Journalist and author David Maraniss provides a well-crafted look at the decline of Detroit in “Once in a Great City.” The book focuses on an 18-month period in 1963-'64, when most of the world thought the city was at its pinnacle. In retrospect, it was on a course to failure.

East Lansing resident A. Brad Schwartz shows readers and writers that there is always a new twist on an old story in his book, “Broadcast Hysteria.” Who would’ve thought that even one more original sentence could be written about the legendary filmmaker Orson Welles? But Schwartz did, aided by his discovery of a little known archival collection of Welles’ papers at the University of Michigan. He puts a new light on some long held myths surrounding Welles’ masterful radio production, “War of the Worlds.”

And speaking about archives, public archives, private collectors and members of the Hemingway family have teamed up to publish the letters of Ernest Hemingway in what is expected to be a 14-volume collection.
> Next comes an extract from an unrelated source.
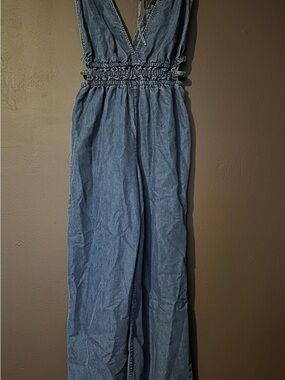 Denim Blue Wide-Leg Jumpsuit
The latest release, “The Letters of Ernest Hemingway: Volume Three,” covers 1926 to 1929. Local history enthusiasts will delight in Hemingway’s letters to his “pal,” John Herrmann of Lansing, congratulating and criticizing him for his book, “What Happens.”

Coincidentally, “What Happens” was published in the U.S. for the first time earlier this year. The coming-of-age novel was banned for obscenity in 1926.

Without boundary-pushing books like “What Happens,” books like “The Orbit Magazine Anthology,” by podcaster and columnist Rob St. Mary, might not have been possible. Another breakthrough book from the Wayne State University Press, the anthology reproduces Detroitbased alternative publications stretching from the 1970s through the 1990s. Open any page, and it’s likely you will be in sulted and shocked — while still laughing your butt off.

Two outstanding road trip books explore the historical roots and evolution of Michigan’s M-22 and US-12. “Vintage Views Along Scenic M-22,” by Chris Byron and Tom Wilson, takes you on an almost magical trip along Michigan’s glorious lakeshore. “Michigan’s US-12 Heritage Trail” takes you through the middle of Michigan’s heartland. Both provide vivid details about a time before expressways and four-lane highways.

In terms of fiction, three books I reviewed for City Pulse in 2015 shined through. Matt Bell, in his book, “Scrapper,” avoided the sophomore jinx with this gritty urban novel. The book is a tale of love and vengeance, told through the eyes of a scrapper who salvages metal and copper from abandoned buildings in Detroit. Yes, it is dark.

Another Detroit-centric book takes you inside a family in transition. “The Turner House,” by ex- Detroiter Angela Flournoy, was recently named one of the top 100 books of the year by The New York Times. In a fabulist way, Flournoy explores the power of a home in people’s lives.

“Mothers Tell Your Daughters,” by Bonnie Jo Campbell, will make you squirm in your seat. Campbell’s short stories are reminiscent of Raymond Carver and Flannery O’Connor as she explores issues of abuse and sexuality.

There are two books it seems I should have read last year. Helen McDonald’s “H is for Hawk” has been described as the “Zen and the Art of Motorcycle Maintenance” for the bird world. “All the Light We Cannot See,” by Anthony Doerr, takes readers to Nazi Germany and shows how humanity thrives when darkness envelops the world.

One book of some note which I couldn’t finish was “City on Fire,” by Garth Risk Hallberg. Published with much anticipation and a $2 million advance, Hallberg’s debut novel begins to lose its zest around page 600. As I tried to trudge through the last 300 pages, I no longer cared who did it or why. Set in 1970s New York, the book sometimes soars, and the characters of that era are dead on, but the book needed fewer pages and more focus.

And finally, “The Life-Changing Magic of Tidying Up” by Marie Kondo is a book I won’t read. With New Year’s Day and its resolutions just around the corner, I’m sure this will appeal to some readers. But it doesn’t sound like much fun to me.